From Vatican we started walking towards out next destination, the Spanish Steps. En route we came across Castel Sant'Angelo. The Mausoleum of Hadrian, popularly known as Castel Sant'Angelo, initially was commissioned by the Roman Emperor Hadrian as a mausoleum for himself and his family. The building spent over a thousand years as a fortress and castle, and is now a museum.
It was in the late 16th century that the French king comissioned the building of the steps to reach the Trinità dei Monti church, which is one of the two french national churches in rome(other one being San Luigi dei Francesi). However the steps were finally built between the 1723 -1726. Now the square below was called Piazza di Spangna hence the steps got the name Spanish Steps. In the early 19th century Keats & Shelley lived and worked here. During that time so many English were there that it was nicknamed ‘The English Ghetto’. The house right to the steps where Keats died in 1821 now houses the Keats Shelley Museum.
On the steps and around the fountain a lot of people assemble just to laze around, catch a breath or just do nothing.
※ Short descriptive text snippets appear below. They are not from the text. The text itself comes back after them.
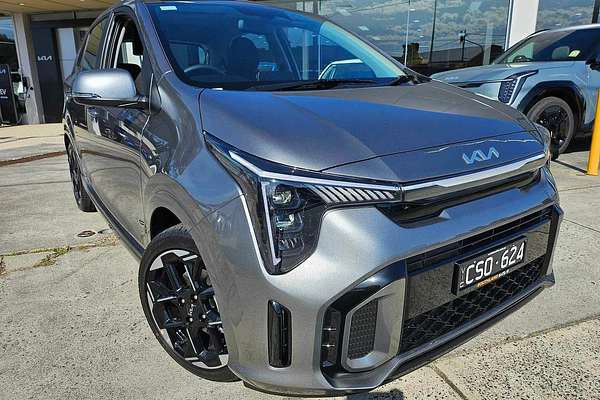 2024 Kia Picanto GT-Line JA PE2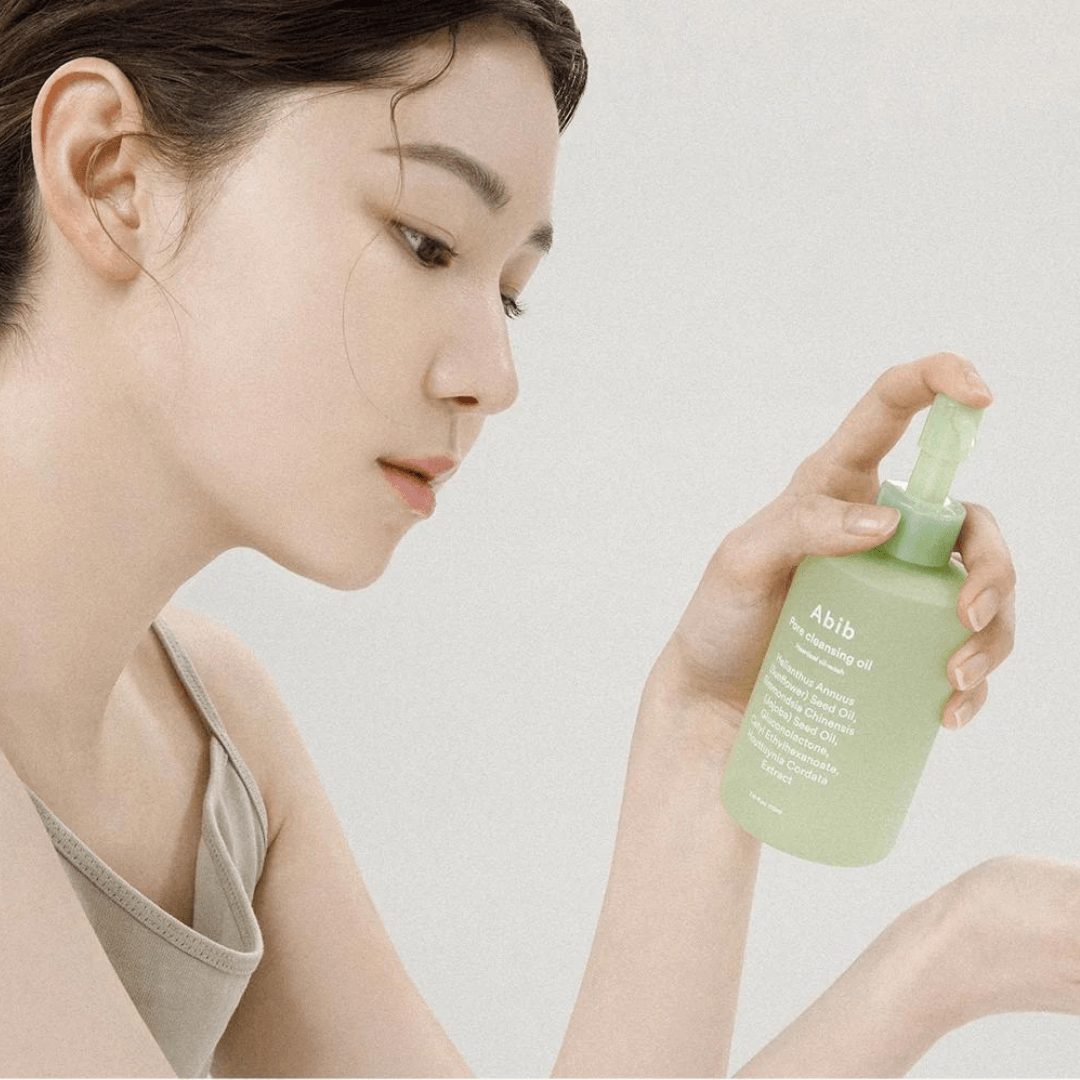Pore Cleansing Oil Heartleaf Oil-Wash - 200 ml - K-Beauty Arabia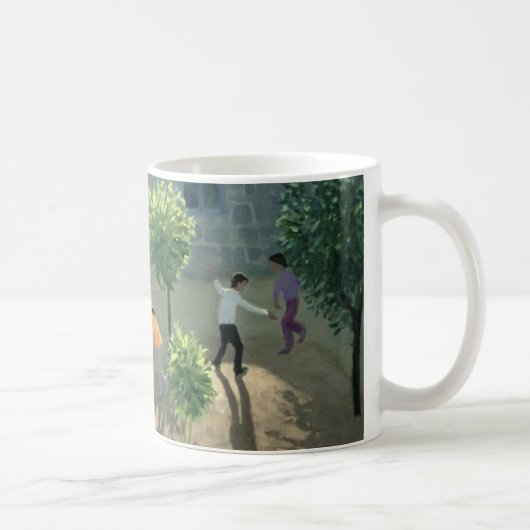 Mug Terrain de jeu Lesbos 1996 (Droite)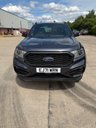 USED 2021 71 FORD RANGER 2.0 EcoBlue MS-RT WILDTRAK Pickup Double Cab 4dr Diesel Auto 4WD Euro 6 (s/s) (213 ps) 1 PREVIOUS OWNER , GENUINE MS-RT MODEL , PRICE IS &pound;19989+VAT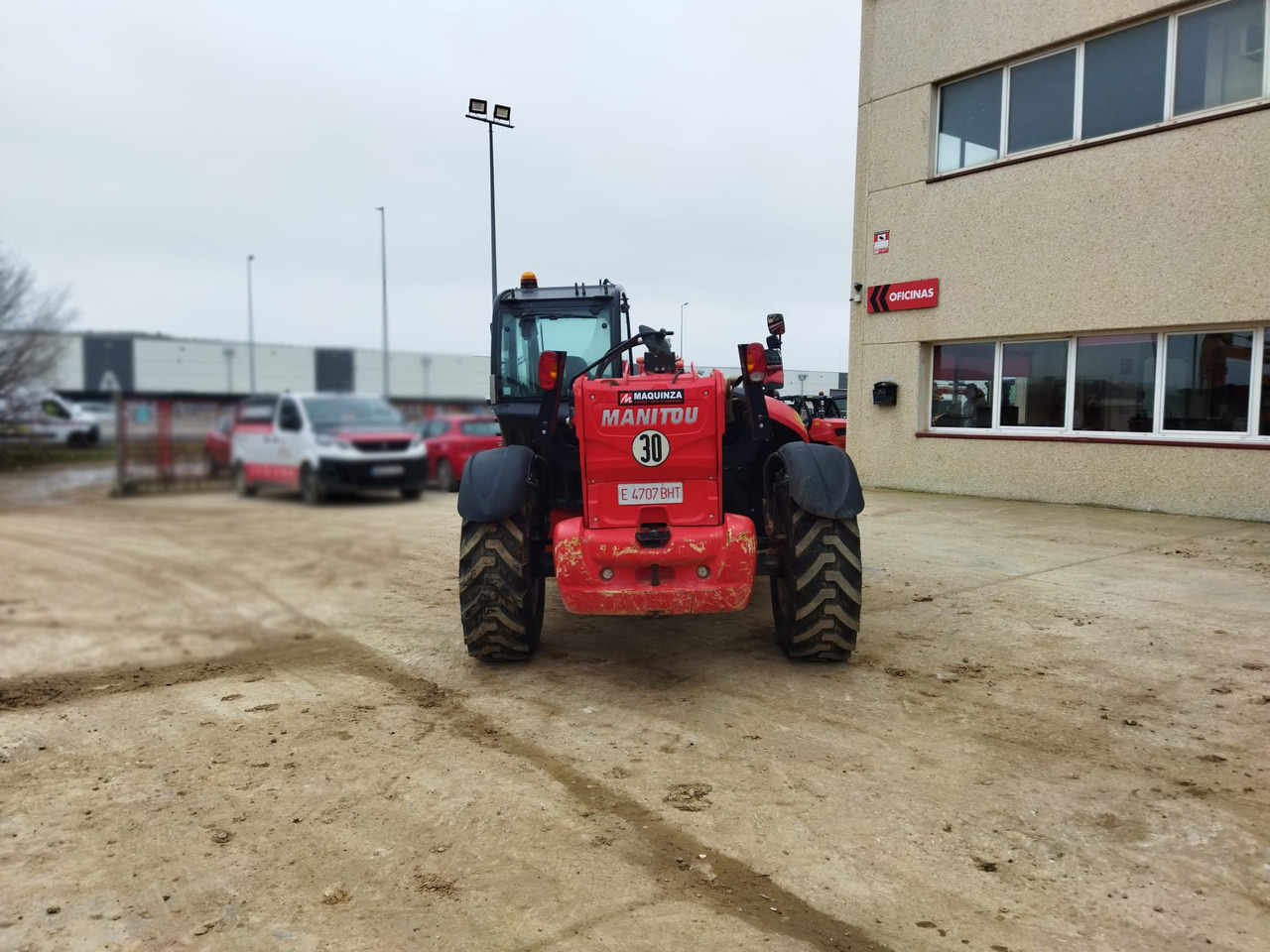 MANITOU MT1840 EASY 75D - Verreiker: afbeelding 3 MANITOU MT1840 EASY 75D - Verreiker: afbeelding 3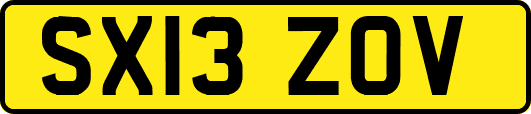 SX13ZOV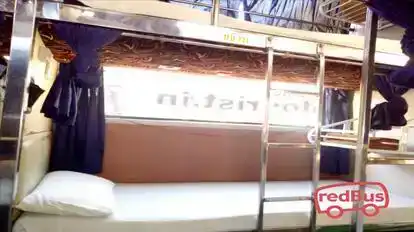 Pawan Tourist Bus-Seats Image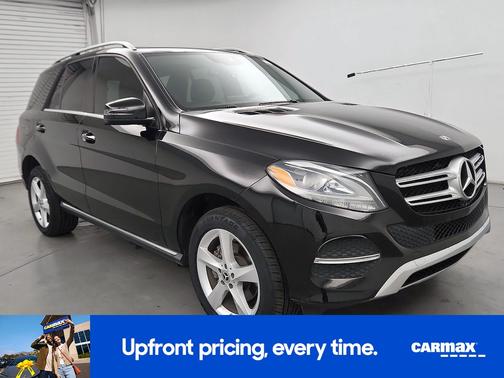 2018 Mercedes-Benz GLE 350 GLE 350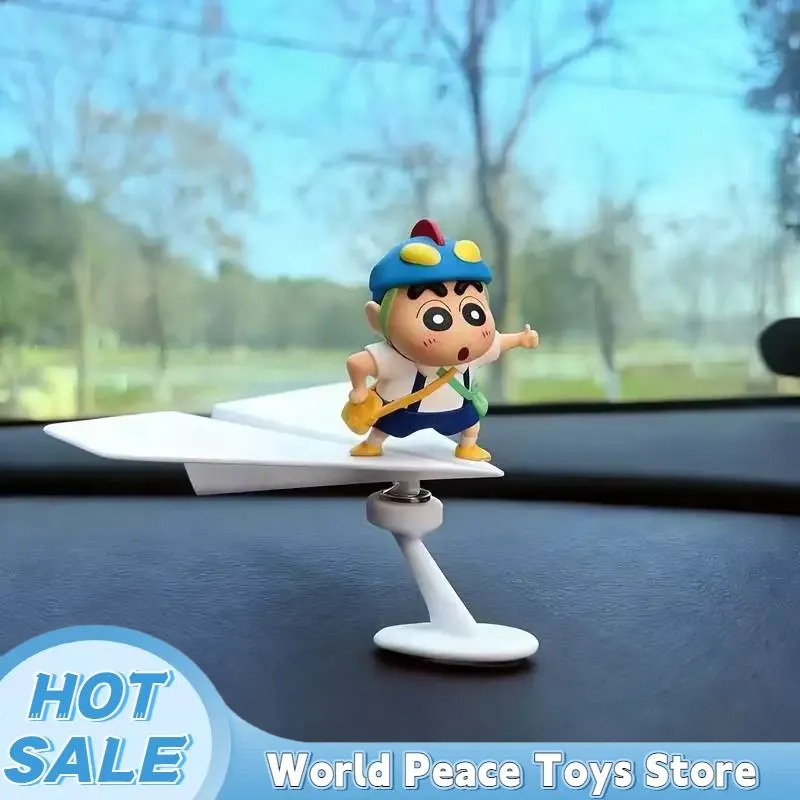 Figuras Decorativas Giratorias - Car Accessories Decoration reseña y precio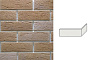 Угловой декоративный кирпич Redstone Leeds breck LS-23/U 227*100*68 мм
You may also see a lot of locals there. At the top of the steps you will find the church and lots of artists displaying their work. The street which leads you to the steps is lined on both sides by some of the best names in fashion - D&G, Versace, Gucci et al and you may also find a line outside each such shop for entry.
From Spanish Steps we headed to Fontana di Trevi. Probably one of the most famous fountains in the world. Some of you readers might recall the famous scene from Federico Fellini’s movie La Dolce Vita, with Swedish actress Anita Ekberg in the fountain. One of the most celebrated images from cinema.
The fountain is located at the intersection of three roads hence namedtre-vi(a). Work started in 1732 under architect Nicola Salvi and got completed in 1762. Giuseppe Pannini finished the work after Salvi’s death in 1751.
On top of the fountain is the coat of arms of Pope Clement XII, who began work on the fountain. In the center is the magnificent figure of Oceanus(Neptune), son of the Sky and the Earth, which dominates everything in its regality. He is the power of water, impressive in his capacity to give life and at the samer time destroy it. He advaces in a chariot in the form of a shell. His chariot is pulled to two sea horses accompanied by tritons. The horse on the left advances violently symbolizing the sea in tempest, indicative of its violent, destructive nature. While the horse on the right advances calmly representing the calm state of the waters, useful and life giving. The two niches at the sides of Oceanus are the allegoric statues of Fertility(left) and Healthiness(right).